About this exercise - When you reach the line with "124 Spring House" in the data below, begin printing lines exactly, and stop once the line with "Governo do Maranhão" has been printed.

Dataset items
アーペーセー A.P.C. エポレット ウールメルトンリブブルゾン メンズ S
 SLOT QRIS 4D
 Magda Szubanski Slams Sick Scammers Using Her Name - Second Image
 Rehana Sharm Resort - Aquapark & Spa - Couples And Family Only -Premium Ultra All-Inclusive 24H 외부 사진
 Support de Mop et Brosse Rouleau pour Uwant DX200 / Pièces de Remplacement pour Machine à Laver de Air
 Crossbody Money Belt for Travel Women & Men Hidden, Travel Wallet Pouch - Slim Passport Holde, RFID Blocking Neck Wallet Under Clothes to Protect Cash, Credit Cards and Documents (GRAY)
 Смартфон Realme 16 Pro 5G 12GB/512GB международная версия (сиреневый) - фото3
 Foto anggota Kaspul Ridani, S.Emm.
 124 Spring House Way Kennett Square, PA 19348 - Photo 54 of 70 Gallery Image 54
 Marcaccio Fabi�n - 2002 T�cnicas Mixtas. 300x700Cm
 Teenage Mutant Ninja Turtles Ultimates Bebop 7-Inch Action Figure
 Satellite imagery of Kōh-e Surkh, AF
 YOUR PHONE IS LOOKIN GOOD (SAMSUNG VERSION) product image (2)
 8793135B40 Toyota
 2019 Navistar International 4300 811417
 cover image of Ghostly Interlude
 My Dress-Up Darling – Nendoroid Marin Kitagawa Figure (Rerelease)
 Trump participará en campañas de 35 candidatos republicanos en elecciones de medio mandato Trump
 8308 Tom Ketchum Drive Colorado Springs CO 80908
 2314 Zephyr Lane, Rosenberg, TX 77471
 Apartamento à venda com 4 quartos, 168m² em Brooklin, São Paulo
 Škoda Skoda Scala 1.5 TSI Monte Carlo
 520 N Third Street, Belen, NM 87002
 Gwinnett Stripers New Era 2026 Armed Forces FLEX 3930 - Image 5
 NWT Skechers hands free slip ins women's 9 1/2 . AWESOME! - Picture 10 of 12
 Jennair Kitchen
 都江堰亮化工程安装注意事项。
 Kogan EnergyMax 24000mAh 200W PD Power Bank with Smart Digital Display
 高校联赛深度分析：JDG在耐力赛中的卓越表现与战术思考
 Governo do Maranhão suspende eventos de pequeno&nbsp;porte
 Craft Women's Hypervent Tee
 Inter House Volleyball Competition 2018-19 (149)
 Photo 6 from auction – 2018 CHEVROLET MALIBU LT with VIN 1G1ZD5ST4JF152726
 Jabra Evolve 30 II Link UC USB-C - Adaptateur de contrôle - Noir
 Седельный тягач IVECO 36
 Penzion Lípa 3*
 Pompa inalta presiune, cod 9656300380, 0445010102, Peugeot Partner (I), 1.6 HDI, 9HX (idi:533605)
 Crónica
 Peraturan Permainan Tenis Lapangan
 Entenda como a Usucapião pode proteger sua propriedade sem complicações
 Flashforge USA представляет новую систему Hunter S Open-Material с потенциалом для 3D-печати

Task response -
 124 Spring House Way Kennett Square, PA 19348 - Photo 54 of 70 Gallery Image 54
 Marcaccio Fabi�n - 2002 T�cnicas Mixtas. 300x700Cm
 Teenage Mutant Ninja Turtles Ultimates Bebop 7-Inch Action Figure
 Satellite imagery of Kōh-e Surkh, AF
 YOUR PHONE IS LOOKIN GOOD (SAMSUNG VERSION) product image (2)
 8793135B40 Toyota
 2019 Navistar International 4300 811417
 cover image of Ghostly Interlude
 My Dress-Up Darling – Nendoroid Marin Kitagawa Figure (Rerelease)
 Trump participará en campañas de 35 candidatos republicanos en elecciones de medio mandato Trump
 8308 Tom Ketchum Drive Colorado Springs CO 80908
 2314 Zephyr Lane, Rosenberg, TX 77471
 Apartamento à venda com 4 quartos, 168m² em Brooklin, São Paulo
 Škoda Skoda Scala 1.5 TSI Monte Carlo
 520 N Third Street, Belen, NM 87002
 Gwinnett Stripers New Era 2026 Armed Forces FLEX 3930 - Image 5
 NWT Skechers hands free slip ins women's 9 1/2 . AWESOME! - Picture 10 of 12
 Jennair Kitchen
 都江堰亮化工程安装注意事项。
 Kogan EnergyMax 24000mAh 200W PD Power Bank with Smart Digital Display
 高校联赛深度分析：JDG在耐力赛中的卓越表现与战术思考
 Governo do Maranhão suspende eventos de pequeno&nbsp;porte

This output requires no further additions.